As we all know, pupil squee_spoon plays Rubik‘s Cube every day. He registered a Cube competition recently. Many competitors will attend this competition. But limited by the area,at most 3 competitors
can compete at the same time, proper arrangement will save time.

There are n competitors registered the competition, we can look up every person’s competition history by visiting World Cube Association (WCA) official website, the ithcompetitor’s past result is ai second(s). To simplify
the problem, we assume every competitor will get the same result as he/she did in past competition. For example, squee_spoonfinished his solving in last competition with the result of 8 seconds, so we think that he will
also get 8 seconds in the upcoming competition.

To become a international grandmaster, you must solve this problem. Schedule all of n competitors, and make the total time as short as possible.

Input

Single test case.

The first line contains an integer n (1<=n<=50) -- the number of competitors.

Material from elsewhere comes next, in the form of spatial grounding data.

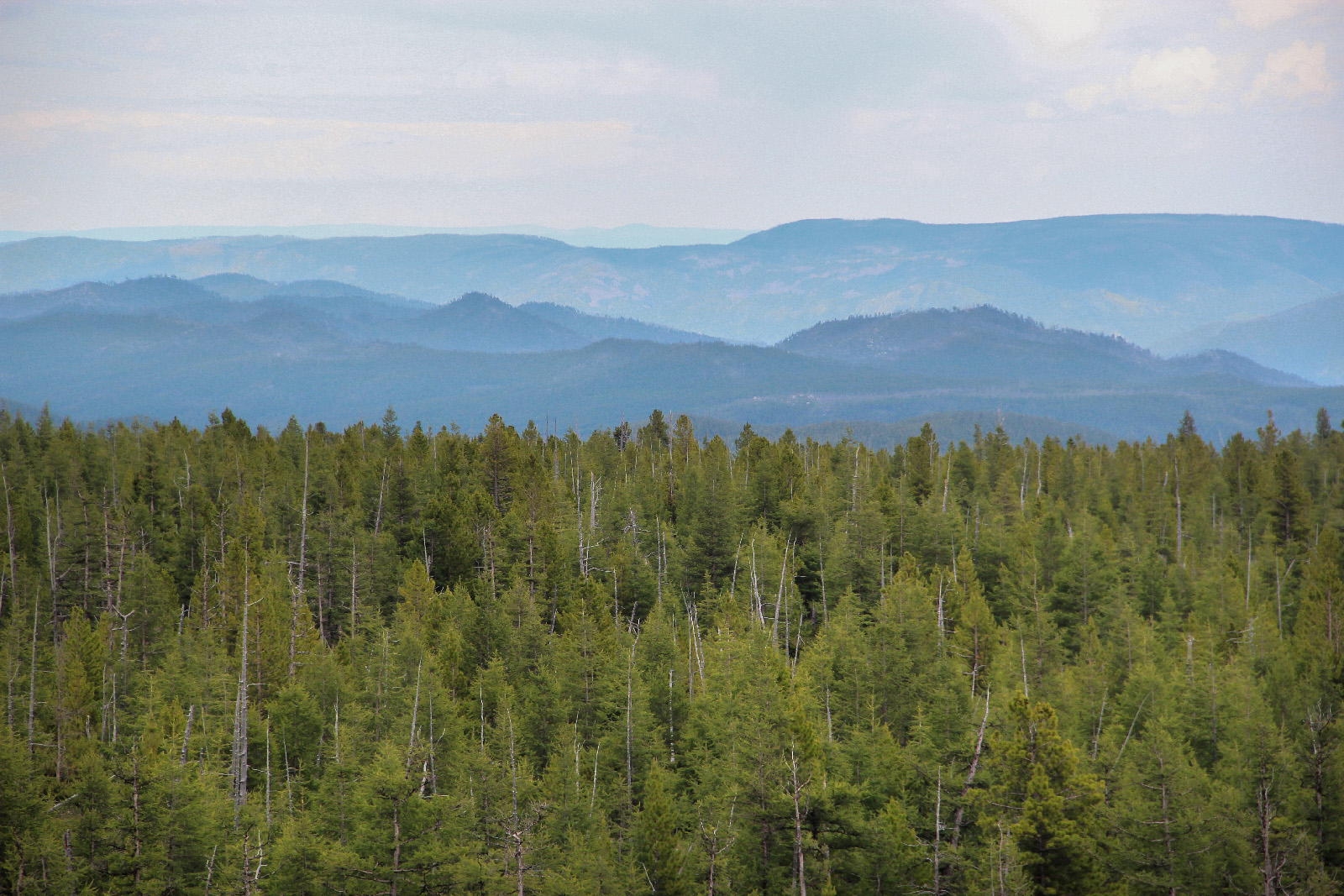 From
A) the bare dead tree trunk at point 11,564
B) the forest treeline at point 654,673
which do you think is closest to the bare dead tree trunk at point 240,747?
the forest treeline at point 654,673

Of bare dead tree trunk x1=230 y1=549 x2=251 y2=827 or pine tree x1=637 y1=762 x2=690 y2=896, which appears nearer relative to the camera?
pine tree x1=637 y1=762 x2=690 y2=896

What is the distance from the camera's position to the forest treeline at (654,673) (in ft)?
134

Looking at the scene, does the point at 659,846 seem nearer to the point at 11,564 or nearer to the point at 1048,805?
the point at 1048,805

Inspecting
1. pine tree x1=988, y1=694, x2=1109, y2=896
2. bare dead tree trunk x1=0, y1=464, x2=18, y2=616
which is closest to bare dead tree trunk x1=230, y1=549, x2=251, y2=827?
bare dead tree trunk x1=0, y1=464, x2=18, y2=616

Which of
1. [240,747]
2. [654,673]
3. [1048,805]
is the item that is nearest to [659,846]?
[1048,805]

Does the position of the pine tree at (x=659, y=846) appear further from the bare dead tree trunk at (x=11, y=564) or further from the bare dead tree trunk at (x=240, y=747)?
the bare dead tree trunk at (x=11, y=564)

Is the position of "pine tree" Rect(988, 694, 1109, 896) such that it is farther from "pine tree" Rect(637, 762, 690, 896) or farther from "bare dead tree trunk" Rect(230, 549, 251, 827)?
"bare dead tree trunk" Rect(230, 549, 251, 827)

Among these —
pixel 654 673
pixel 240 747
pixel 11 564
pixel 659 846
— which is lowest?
pixel 659 846

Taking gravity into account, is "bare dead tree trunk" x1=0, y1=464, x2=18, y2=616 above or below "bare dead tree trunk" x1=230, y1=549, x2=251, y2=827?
above

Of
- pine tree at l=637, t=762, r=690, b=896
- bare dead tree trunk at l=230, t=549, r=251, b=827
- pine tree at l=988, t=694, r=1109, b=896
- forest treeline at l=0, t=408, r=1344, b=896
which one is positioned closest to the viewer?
pine tree at l=988, t=694, r=1109, b=896

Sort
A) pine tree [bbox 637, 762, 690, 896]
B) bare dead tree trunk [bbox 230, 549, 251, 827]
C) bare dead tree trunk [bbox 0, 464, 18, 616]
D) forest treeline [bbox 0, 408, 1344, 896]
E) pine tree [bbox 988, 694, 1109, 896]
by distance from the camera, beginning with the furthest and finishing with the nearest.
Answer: bare dead tree trunk [bbox 0, 464, 18, 616]
bare dead tree trunk [bbox 230, 549, 251, 827]
pine tree [bbox 637, 762, 690, 896]
forest treeline [bbox 0, 408, 1344, 896]
pine tree [bbox 988, 694, 1109, 896]

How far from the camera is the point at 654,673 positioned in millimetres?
57812

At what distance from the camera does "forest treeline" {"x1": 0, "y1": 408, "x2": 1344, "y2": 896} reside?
40875 mm

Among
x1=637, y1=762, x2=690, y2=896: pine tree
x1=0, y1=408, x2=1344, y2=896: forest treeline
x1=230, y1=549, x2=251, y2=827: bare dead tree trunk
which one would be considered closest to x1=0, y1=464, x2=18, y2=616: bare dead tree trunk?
x1=0, y1=408, x2=1344, y2=896: forest treeline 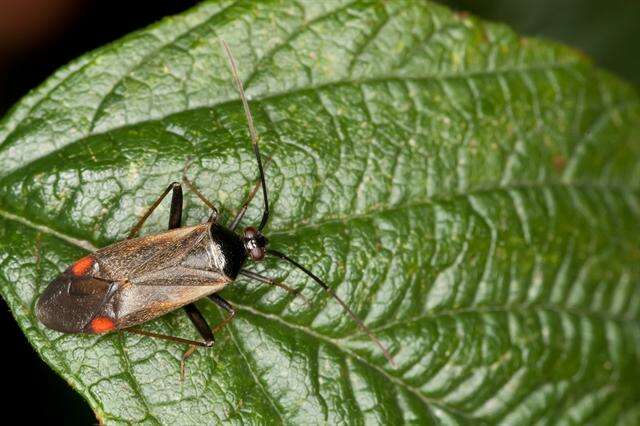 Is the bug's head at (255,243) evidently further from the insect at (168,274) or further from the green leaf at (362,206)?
the green leaf at (362,206)

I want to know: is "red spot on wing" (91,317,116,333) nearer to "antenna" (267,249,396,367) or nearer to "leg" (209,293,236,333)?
"leg" (209,293,236,333)

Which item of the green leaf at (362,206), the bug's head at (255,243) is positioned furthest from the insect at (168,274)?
the green leaf at (362,206)

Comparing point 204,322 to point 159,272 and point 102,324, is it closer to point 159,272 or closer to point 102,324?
point 159,272

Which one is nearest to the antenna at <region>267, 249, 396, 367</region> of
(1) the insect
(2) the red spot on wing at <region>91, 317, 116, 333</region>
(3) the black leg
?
(1) the insect

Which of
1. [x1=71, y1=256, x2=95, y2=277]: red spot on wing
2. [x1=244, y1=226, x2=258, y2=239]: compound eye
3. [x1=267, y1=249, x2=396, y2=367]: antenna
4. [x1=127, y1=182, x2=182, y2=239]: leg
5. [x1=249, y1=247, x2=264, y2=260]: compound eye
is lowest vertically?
[x1=267, y1=249, x2=396, y2=367]: antenna

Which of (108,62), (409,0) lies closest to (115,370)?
(108,62)

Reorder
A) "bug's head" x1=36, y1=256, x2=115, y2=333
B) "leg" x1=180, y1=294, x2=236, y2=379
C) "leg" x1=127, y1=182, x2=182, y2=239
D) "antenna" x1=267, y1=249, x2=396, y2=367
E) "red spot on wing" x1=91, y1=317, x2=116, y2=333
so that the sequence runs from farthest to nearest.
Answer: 1. "antenna" x1=267, y1=249, x2=396, y2=367
2. "leg" x1=127, y1=182, x2=182, y2=239
3. "leg" x1=180, y1=294, x2=236, y2=379
4. "red spot on wing" x1=91, y1=317, x2=116, y2=333
5. "bug's head" x1=36, y1=256, x2=115, y2=333

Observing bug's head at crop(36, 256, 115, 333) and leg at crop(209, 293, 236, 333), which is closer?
bug's head at crop(36, 256, 115, 333) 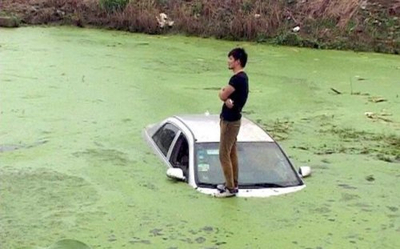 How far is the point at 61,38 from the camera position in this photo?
64.1 feet

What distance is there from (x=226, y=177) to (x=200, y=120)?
1330mm

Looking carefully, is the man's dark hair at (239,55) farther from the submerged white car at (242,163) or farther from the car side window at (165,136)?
the car side window at (165,136)

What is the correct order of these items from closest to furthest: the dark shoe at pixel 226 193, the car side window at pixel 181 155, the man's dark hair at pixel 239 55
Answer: the man's dark hair at pixel 239 55 < the dark shoe at pixel 226 193 < the car side window at pixel 181 155

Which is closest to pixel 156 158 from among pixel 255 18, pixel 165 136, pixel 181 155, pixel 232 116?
pixel 165 136

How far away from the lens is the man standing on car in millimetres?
6648

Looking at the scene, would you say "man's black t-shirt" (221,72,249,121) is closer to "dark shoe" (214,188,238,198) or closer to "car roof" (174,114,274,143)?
"dark shoe" (214,188,238,198)

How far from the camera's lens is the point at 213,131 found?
7793 mm

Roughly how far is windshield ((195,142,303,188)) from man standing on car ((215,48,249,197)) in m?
0.21

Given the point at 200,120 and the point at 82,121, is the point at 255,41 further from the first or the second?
the point at 200,120

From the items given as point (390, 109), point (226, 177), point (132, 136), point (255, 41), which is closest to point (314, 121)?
point (390, 109)

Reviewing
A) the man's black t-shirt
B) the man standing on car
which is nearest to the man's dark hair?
the man standing on car

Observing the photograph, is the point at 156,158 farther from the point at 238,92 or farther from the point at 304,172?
the point at 238,92

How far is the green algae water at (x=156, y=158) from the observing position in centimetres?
636

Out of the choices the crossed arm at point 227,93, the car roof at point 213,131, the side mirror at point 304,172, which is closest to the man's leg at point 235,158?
the crossed arm at point 227,93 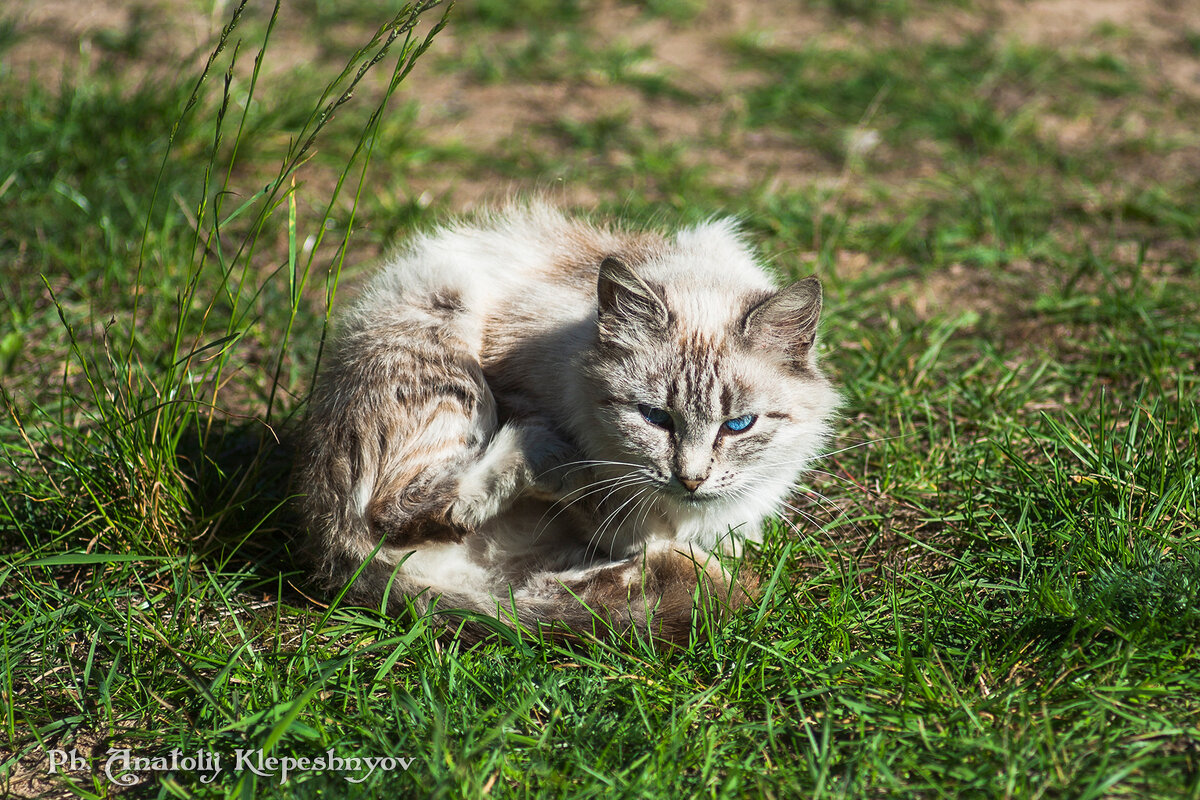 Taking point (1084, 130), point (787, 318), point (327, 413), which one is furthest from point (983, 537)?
point (1084, 130)

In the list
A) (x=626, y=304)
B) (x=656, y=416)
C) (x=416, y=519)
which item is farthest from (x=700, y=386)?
(x=416, y=519)

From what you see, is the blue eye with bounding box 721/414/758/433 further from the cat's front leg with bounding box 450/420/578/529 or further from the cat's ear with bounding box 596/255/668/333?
the cat's front leg with bounding box 450/420/578/529

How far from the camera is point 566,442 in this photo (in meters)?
3.12

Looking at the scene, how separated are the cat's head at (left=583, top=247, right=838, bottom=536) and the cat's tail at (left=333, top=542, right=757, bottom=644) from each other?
9.5 inches

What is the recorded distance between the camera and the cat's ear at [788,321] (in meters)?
2.87

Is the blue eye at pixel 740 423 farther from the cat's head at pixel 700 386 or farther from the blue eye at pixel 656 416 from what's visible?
the blue eye at pixel 656 416

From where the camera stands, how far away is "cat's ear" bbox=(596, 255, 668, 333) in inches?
A: 114

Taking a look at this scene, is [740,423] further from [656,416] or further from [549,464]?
[549,464]

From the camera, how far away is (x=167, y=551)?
10.2ft

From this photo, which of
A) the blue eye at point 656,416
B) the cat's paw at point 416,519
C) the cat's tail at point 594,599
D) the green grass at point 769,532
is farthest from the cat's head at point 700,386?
the cat's paw at point 416,519

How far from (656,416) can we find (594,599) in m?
0.61

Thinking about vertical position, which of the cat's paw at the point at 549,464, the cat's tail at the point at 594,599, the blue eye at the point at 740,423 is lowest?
the cat's tail at the point at 594,599

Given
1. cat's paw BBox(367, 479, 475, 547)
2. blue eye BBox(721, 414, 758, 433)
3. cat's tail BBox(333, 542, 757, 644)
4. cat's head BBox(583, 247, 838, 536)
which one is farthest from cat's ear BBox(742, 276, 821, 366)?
cat's paw BBox(367, 479, 475, 547)

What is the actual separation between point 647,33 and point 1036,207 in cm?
343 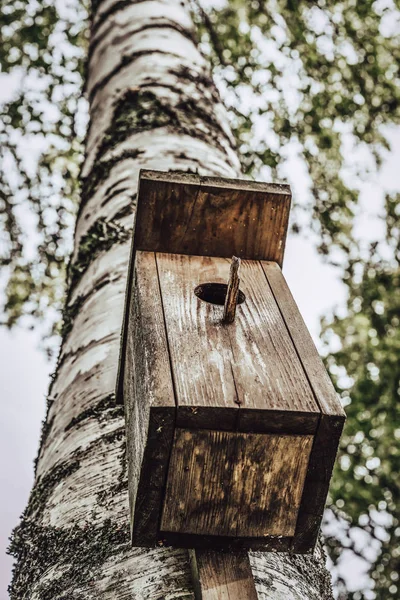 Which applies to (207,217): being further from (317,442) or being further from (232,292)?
(317,442)

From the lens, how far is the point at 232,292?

The second line contains n integers a1~an (1<=ai<=60), ai indicate the ith competitor’s result.

Output

Print a single number, the minimum total time of this competition.

Sample Input

4
3 4 2 2

Sample Output

4

HINT

In the sample, we can divide all competitors into 3 groups:(1)(2)(3,4)

- At the beginning, 1st, 2nd and 3rd competitor started.

- At the end of 2 second, 3rd competitor finished. 4th competitor started.

- At the end of 3 second, 1st competitor finished.

- At the end of 4 second, 2nd and 4th competitor finished. All 4 persons has finished.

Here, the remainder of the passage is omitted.